In the argument section of his brief, Defendant’s entire argument, other than a
restatement of his issue, is contained in one paragraph on one page. The argument fails to
reference and cite to any portion of the transcript as required by Rule 10(b) of the Rules of
the Court of Criminal Appeals of Tennessee, which is a direct result of Defendant’s failure
to provide an adequate record for review of purported trial court error, by not including a
transcript of the trial.
Relying upon Melendez-Diaz v.
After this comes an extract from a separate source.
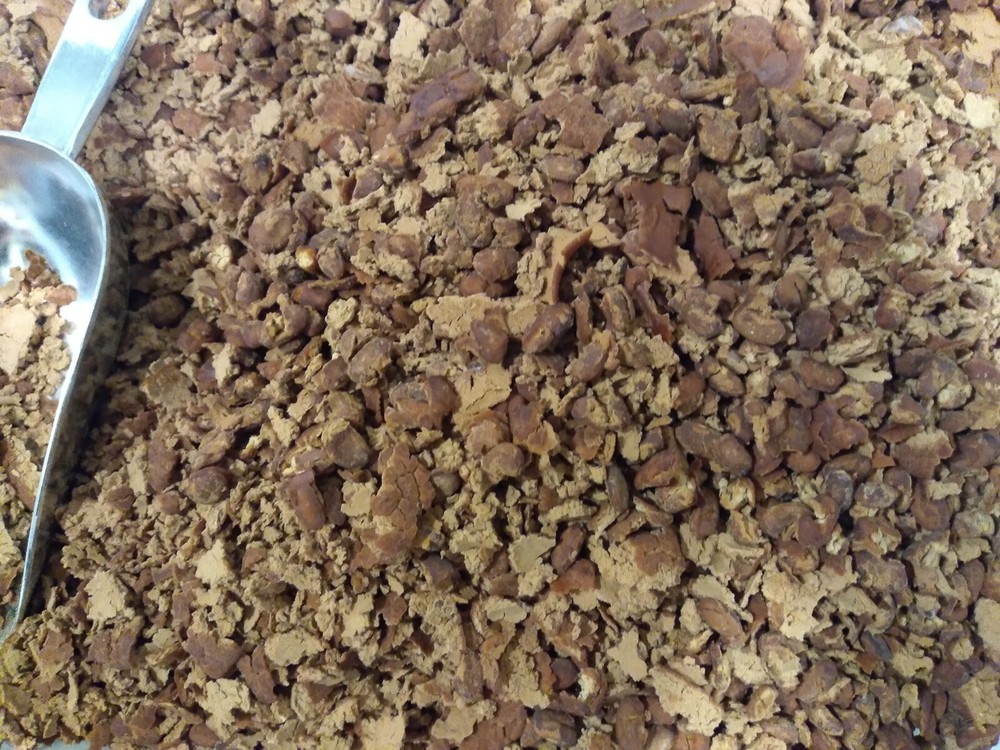  Pinto beans dehydrated survival emergency 3 lbs crypto accepted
Massachusetts, _____ U.S. _____, 129 S. Ct. 2527
(2009), Defendant argues that certified copies of judgments of prior convictions should have
been used to prove his prior convictions, rather than an affidavit from the Tennessee
Department of Safety.
As stated above, certified copies of at least three prior convictions for driving on a
revoked or suspended license were admitted as evidence. In addition, even if the exhibit
containing the certified copies of the judgments was not included in the appellate record,
absent a transcript or statement of the evidence pursuant to Tennessee Rule of Appellate
Procedure 24, this Court must presume that the evidentiary rulings made by the trial court
were correct. State v. Oody, 823 S.W.2d 554, 559 (Tenn. Crim. App. 1991). Defendant is
entitled to no relief on appeal.
CONCLUSION
For the foregoing reasons, the judgment of the trial court is affirmed.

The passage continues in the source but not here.